In the heart of Oxford, Pennsylvania there is a place that offers a lifeline to people in need.

Neighborhood Services Center (NSC) is a small operation with a small staff but the service that it provides is big, especially to people living and working in this rural area and especially in the current economic times.

Founded in 1971, NSC doesn’t have counselors on staff; it doesn’t offer typical social service programs.  What NSC offers is far more valuable.  It offers connections – links between people who need services and people who provide them.

According to its website, this privately run, non-profit is still focused on its original goal of assisting people to achieve health, wholeness and stability in their lives by:

  • Establishing a link between people who want to reach out to help others.
  • Offering people with questions, problems or emergency needs a place to explore options and/or find answers.
  • Providing space for county agencies and community programs to deliver services directly to people.

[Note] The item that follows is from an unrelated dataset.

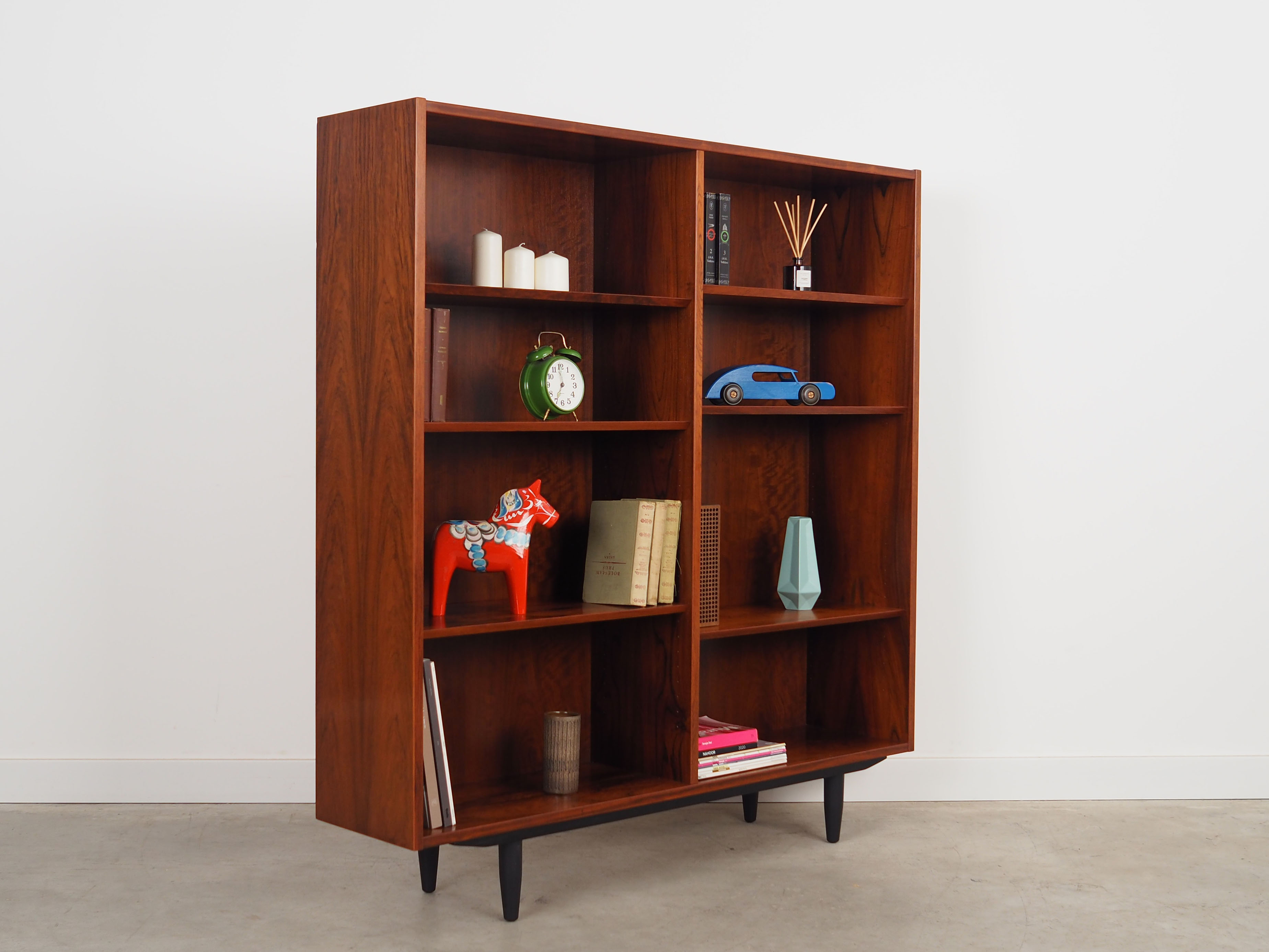 Bibliothèque en palissandre, design danois, années 1970, production: Hundevad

People who come to NSC for help can also receive emergency assistance services like food, clothing, rent and utility assistance.

NSC relies on funding from 4 other regional agencies — United Way of Southern Chester County, Chester County’s Department of Human Services, the Health and Welfare Foundation of Southern Chester County and the Oxford Area Civic Association.  It also relies heavily on volunteers who put in thousands of hours a year to ensure help is available when and where it’s needed.

NSC is not sexy.  It’s not going to make headlines nor is it going to be featured on national television.  But it is going to continue its 40 year tradition of providing help, advice and resources to the people who live in and near its office.

From my chair, this agency and the people behind it belong on the list of 365 people who are helping to change the world.

Know any other people in your town or city who are helping others?  Send me the name of the group and any info you want to share and I will do the rest.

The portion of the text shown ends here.